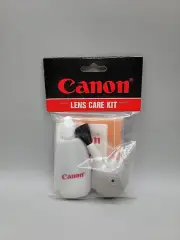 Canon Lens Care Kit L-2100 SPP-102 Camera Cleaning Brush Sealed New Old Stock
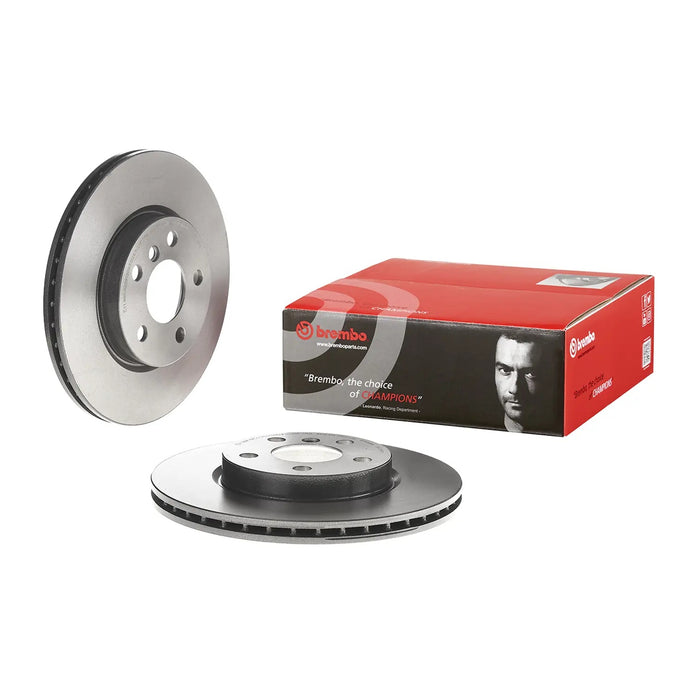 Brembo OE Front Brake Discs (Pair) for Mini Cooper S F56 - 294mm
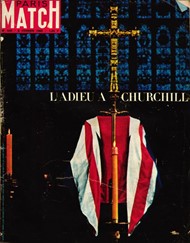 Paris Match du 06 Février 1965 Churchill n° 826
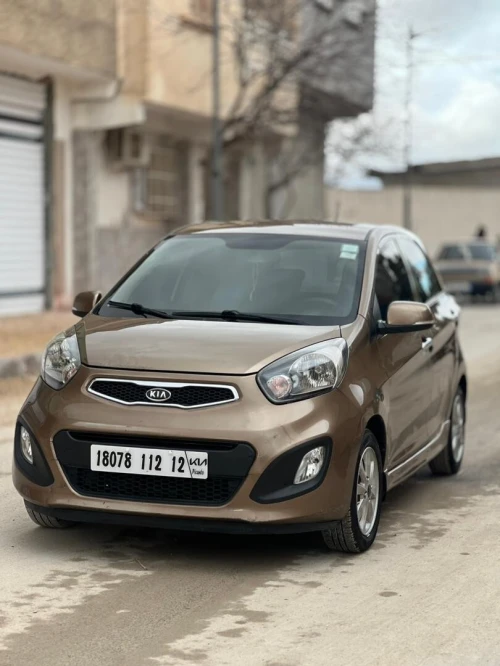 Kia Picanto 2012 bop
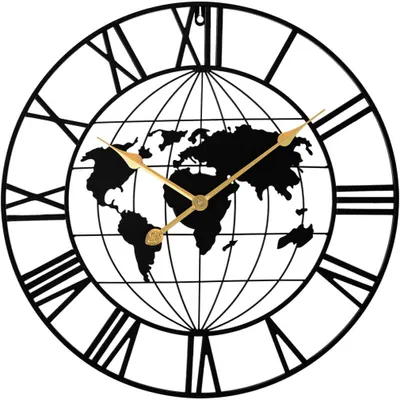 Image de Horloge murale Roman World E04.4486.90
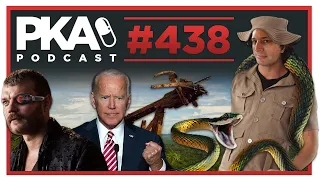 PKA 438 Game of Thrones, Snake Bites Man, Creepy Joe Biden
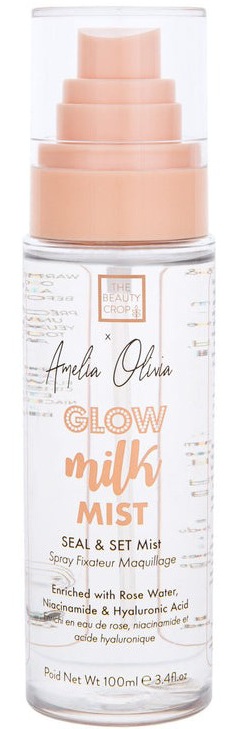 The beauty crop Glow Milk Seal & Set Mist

■ ■ ■ ■ ■ ■ ■

* WHAT NEEDS TO BE DONE: Your copy of the entries above must be exact and must not include pictures.

* PROBLEM SOLUTION:
 Canon Lens Care Kit L-2100 SPP-102 Camera Cleaning Brush Sealed New Old Stock
 Brembo OE Front Brake Discs (Pair) for Mini Cooper S F56 - 294mm
 Paris Match du 06 Février 1965 Churchill n° 826
 Kia Picanto 2012 bop
 Image de Horloge murale Roman World E04.4486.90
 PKA 438 Game of Thrones, Snake Bites Man, Creepy Joe Biden
 The beauty crop Glow Milk Seal & Set Mist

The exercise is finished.